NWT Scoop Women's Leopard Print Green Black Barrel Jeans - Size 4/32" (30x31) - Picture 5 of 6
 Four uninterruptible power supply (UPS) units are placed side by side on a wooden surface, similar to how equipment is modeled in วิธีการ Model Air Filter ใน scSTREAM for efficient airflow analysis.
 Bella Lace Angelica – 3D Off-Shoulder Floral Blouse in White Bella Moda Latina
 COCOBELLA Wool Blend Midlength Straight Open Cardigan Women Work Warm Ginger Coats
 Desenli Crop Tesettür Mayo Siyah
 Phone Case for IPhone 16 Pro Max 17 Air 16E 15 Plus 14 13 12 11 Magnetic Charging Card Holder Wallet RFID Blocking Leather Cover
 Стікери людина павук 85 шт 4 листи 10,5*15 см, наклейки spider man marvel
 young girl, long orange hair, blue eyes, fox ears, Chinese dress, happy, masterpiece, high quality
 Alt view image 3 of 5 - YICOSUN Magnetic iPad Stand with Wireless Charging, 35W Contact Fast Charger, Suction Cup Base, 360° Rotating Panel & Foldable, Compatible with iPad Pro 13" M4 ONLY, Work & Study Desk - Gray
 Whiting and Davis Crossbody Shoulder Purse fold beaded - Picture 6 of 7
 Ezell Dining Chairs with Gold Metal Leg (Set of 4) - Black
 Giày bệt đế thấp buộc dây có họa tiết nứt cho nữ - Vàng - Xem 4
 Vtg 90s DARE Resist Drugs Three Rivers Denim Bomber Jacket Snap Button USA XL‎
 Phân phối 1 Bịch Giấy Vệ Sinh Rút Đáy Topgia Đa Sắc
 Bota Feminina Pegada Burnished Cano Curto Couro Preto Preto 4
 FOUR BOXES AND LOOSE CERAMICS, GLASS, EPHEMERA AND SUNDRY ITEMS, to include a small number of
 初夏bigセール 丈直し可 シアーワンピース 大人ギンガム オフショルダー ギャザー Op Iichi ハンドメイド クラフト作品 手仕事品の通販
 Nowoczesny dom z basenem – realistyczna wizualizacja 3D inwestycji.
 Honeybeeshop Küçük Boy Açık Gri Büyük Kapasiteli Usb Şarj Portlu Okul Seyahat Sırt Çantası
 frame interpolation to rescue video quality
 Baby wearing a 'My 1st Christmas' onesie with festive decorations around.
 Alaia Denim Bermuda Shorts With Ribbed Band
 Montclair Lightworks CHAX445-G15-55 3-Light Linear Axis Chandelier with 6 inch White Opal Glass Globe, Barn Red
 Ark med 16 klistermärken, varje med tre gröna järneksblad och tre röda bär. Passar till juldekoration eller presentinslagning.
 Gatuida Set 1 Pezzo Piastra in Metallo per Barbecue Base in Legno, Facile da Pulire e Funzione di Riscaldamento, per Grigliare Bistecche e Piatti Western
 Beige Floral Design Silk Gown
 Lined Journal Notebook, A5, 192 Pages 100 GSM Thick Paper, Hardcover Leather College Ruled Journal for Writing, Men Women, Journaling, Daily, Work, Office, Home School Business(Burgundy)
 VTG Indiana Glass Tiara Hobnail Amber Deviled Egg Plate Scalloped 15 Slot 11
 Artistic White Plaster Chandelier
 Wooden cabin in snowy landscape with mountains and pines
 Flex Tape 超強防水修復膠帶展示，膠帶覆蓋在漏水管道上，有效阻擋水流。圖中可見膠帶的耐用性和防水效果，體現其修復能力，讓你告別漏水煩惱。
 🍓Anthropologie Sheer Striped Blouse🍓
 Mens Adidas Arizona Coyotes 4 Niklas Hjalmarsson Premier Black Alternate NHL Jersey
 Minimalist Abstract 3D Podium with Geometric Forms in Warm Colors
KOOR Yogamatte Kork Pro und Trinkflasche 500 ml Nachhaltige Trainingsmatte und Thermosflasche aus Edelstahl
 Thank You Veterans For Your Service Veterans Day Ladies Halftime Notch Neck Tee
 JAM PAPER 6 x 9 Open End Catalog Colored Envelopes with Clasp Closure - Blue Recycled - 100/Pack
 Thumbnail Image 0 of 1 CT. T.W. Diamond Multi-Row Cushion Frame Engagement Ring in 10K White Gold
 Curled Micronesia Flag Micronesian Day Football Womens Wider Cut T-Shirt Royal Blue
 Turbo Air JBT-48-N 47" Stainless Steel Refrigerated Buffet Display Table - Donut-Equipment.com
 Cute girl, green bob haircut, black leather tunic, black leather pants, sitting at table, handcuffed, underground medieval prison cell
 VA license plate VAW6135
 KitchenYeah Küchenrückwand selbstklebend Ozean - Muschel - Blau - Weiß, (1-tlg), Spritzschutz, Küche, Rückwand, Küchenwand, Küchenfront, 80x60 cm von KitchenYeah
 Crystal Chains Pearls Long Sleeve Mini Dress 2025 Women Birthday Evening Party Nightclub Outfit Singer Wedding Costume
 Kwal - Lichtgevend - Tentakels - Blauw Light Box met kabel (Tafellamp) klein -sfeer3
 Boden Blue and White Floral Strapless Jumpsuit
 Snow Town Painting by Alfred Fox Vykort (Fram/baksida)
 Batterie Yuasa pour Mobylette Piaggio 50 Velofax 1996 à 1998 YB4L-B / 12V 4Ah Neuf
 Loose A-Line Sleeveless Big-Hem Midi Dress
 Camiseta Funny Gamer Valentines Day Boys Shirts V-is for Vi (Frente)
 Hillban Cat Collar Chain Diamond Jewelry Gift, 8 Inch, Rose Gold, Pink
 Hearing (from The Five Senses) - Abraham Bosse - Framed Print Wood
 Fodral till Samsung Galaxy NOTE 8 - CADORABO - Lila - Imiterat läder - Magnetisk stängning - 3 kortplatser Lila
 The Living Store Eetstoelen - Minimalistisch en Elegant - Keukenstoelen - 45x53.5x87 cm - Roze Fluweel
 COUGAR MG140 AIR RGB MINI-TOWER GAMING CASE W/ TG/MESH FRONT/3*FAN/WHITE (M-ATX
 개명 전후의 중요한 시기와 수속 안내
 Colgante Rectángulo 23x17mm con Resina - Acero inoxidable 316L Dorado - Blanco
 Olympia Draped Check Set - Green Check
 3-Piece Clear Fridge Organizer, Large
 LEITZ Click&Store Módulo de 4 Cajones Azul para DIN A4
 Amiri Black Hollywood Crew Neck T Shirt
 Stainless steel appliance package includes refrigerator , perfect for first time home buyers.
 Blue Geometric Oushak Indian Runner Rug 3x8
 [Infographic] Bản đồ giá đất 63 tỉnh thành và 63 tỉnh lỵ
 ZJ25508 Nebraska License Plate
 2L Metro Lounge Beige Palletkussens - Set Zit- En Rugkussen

┄┄┄┄┄┄┄┄┄┄┄┄┄┄┄┄┄┄┄┄

* [What is needed]: Copy nothing beyond the line containing "Desenli Crop Tesettür Mayo Siyah". Transcribe exactly from the first line of the entries down to that line, inclusive.

* [Reply to the exercise]:
NWT Scoop Women's Leopard Print Green Black Barrel Jeans - Size 4/32" (30x31) - Picture 5 of 6
 Four uninterruptible power supply (UPS) units are placed side by side on a wooden surface, similar to how equipment is modeled in วิธีการ Model Air Filter ใน scSTREAM for efficient airflow analysis.
 Bella Lace Angelica – 3D Off-Shoulder Floral Blouse in White Bella Moda Latina
 COCOBELLA Wool Blend Midlength Straight Open Cardigan Women Work Warm Ginger Coats
 Desenli Crop Tesettür Mayo Siyah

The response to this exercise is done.